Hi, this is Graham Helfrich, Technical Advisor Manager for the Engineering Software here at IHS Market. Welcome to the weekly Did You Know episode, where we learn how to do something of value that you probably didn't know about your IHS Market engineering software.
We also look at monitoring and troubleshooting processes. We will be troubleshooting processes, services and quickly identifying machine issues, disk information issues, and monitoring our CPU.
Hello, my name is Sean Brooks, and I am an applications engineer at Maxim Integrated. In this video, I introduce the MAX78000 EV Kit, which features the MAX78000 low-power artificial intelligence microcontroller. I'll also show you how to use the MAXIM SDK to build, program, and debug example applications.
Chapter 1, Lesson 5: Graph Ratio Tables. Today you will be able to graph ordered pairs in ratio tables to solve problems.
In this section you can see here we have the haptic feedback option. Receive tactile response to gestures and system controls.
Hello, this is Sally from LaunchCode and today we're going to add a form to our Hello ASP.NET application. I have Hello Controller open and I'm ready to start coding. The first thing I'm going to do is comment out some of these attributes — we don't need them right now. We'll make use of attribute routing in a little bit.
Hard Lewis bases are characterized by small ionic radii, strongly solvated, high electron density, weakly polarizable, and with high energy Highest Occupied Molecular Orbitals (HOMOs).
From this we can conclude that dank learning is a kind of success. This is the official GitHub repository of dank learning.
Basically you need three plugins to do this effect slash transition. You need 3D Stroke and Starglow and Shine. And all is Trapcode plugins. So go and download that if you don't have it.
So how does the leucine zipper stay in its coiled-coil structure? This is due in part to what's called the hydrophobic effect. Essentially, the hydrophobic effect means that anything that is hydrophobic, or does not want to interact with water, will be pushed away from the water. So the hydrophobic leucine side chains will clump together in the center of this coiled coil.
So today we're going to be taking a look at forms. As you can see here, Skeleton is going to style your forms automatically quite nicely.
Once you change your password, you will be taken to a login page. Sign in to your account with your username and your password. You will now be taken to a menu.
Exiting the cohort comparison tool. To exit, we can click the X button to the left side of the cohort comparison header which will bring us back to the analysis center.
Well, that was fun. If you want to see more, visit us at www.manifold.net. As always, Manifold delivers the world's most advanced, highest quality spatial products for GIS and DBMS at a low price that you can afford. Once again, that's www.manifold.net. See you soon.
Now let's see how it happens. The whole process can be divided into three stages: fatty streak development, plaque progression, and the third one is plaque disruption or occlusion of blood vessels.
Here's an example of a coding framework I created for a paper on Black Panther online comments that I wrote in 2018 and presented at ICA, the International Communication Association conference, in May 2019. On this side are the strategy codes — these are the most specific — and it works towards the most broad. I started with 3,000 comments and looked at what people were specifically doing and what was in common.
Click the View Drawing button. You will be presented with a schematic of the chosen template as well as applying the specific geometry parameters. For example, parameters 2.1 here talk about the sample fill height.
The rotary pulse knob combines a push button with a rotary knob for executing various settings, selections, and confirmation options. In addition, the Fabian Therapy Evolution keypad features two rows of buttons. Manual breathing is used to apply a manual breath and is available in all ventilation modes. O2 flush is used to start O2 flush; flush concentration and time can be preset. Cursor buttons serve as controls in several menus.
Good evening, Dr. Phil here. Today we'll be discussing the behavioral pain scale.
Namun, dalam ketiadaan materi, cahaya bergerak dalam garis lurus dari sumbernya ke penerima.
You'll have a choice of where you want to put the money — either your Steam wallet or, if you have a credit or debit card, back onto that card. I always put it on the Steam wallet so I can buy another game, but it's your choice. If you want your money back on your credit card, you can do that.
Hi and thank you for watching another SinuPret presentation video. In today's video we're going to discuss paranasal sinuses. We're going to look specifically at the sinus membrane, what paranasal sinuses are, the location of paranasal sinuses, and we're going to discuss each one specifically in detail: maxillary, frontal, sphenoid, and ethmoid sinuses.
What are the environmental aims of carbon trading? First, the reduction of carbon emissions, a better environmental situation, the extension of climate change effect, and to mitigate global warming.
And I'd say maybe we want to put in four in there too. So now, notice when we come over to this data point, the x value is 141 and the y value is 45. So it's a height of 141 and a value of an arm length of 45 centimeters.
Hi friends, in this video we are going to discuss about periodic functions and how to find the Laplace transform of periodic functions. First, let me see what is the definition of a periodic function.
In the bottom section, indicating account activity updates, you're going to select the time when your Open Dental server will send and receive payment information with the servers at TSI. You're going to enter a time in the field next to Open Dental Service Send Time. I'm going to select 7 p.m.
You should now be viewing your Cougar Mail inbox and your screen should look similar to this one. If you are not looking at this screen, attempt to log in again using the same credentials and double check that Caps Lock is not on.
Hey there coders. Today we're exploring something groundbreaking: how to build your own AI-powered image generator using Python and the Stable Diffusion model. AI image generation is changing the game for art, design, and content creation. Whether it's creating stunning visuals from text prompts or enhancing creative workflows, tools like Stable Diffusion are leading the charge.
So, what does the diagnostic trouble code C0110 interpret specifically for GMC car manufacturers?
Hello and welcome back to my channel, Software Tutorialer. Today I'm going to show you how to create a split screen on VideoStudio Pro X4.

==*==

* WHAT YOU HAVE TO DO *
Find the line with "Here's an example" in the entries above. Retype it and each line after it, exactly, through the line with "Click the View", and stop there.

* WRITTEN RESPONSE *
Here's an example of a coding framework I created for a paper on Black Panther online comments that I wrote in 2018 and presented at ICA, the International Communication Association conference, in May 2019. On this side are the strategy codes — these are the most specific — and it works towards the most broad. I started with 3,000 comments and looked at what people were specifically doing and what was in common.
Click the View Drawing button. You will be presented with a schematic of the chosen template as well as applying the specific geometry parameters. For example, parameters 2.1 here talk about the sample fill height.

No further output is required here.